Blogging can be scary. Maybe not scary in the same way as the haunted house my neighbors are building down the street. But scary in that…. What if I’m left in blog hell where no one reads what I blog? Or what if I get negative comments to what I blog? What’s worse: no comments or negative comments?
The scariest thing about blogging is figuring out what to say that adds value and not noise. Let me know which of the following topics you want me to cover in future posts, or anything else you’d like me to blog about:
- Interviewing others about their successful healthcare communications case studies
- FDA device approval process (because a description of it doesn’t exist anywhere else)
- General summary of do’s and don’ts in communications for FDA-regulated products
- Ongoing examples of “Just because you can doesn’t mean you should”
- My reactions to campaigns, news, events or trends
Maybe it would be helpful if I revisited why I blog:
- As a healthcare marketing and communications consultant, I have recommended blogs to many, many clients, and some have even taken my advice.
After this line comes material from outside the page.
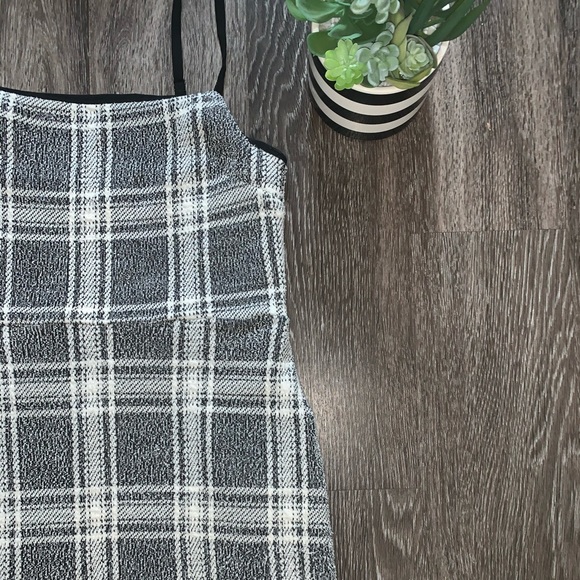 UO Cher Straight Neck Mini • Medium - Picture 4 of 5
So, I want to learn more about blogging and the credibility and communications results it generates since I feel like I should walk my talk.
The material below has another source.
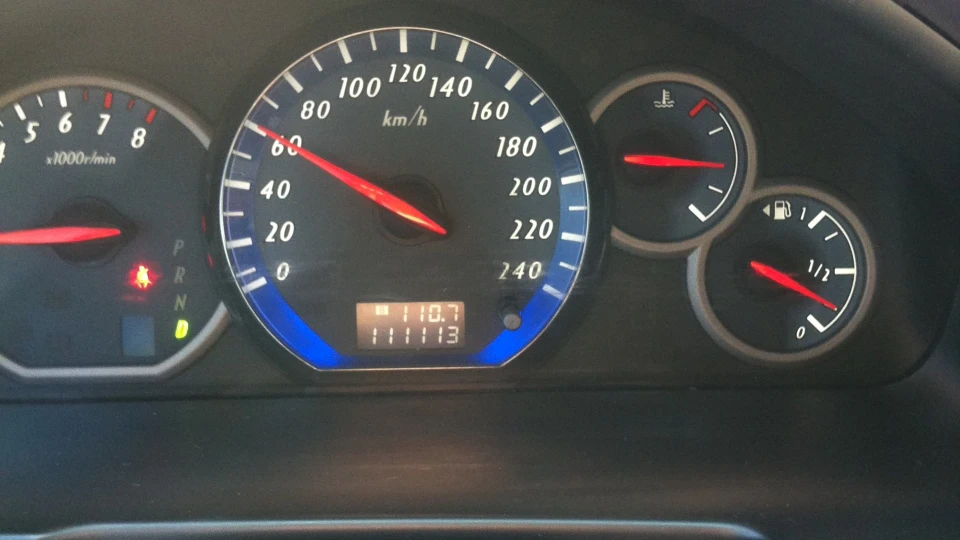Mitsubishi Grandis Intense 4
- As a consultant and as a professor, I have a responsibility to my clients, my teams, the universities where I teach, my students, and my network to stay current and share information and knowledge about healthcare, communications and marketing.
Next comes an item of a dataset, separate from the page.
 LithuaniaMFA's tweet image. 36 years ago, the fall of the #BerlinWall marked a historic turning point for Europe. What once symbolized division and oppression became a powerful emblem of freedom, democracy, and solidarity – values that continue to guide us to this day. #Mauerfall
- HubSpot, a pioneer in inbound marketing, says I should because “blogging is a critical piece of a company’s inbound marketing strategy.” Blogging greatly increases my chances of being found online, reinforces my position as an expert and thought leader, and helps me stay top of mind – and that’s what I’ve been telling clients.
So, now that I’ve blogged today, I’m going to go visit the haunted house down the street. I’m up for another good scare…. Happy Halloween, everybody!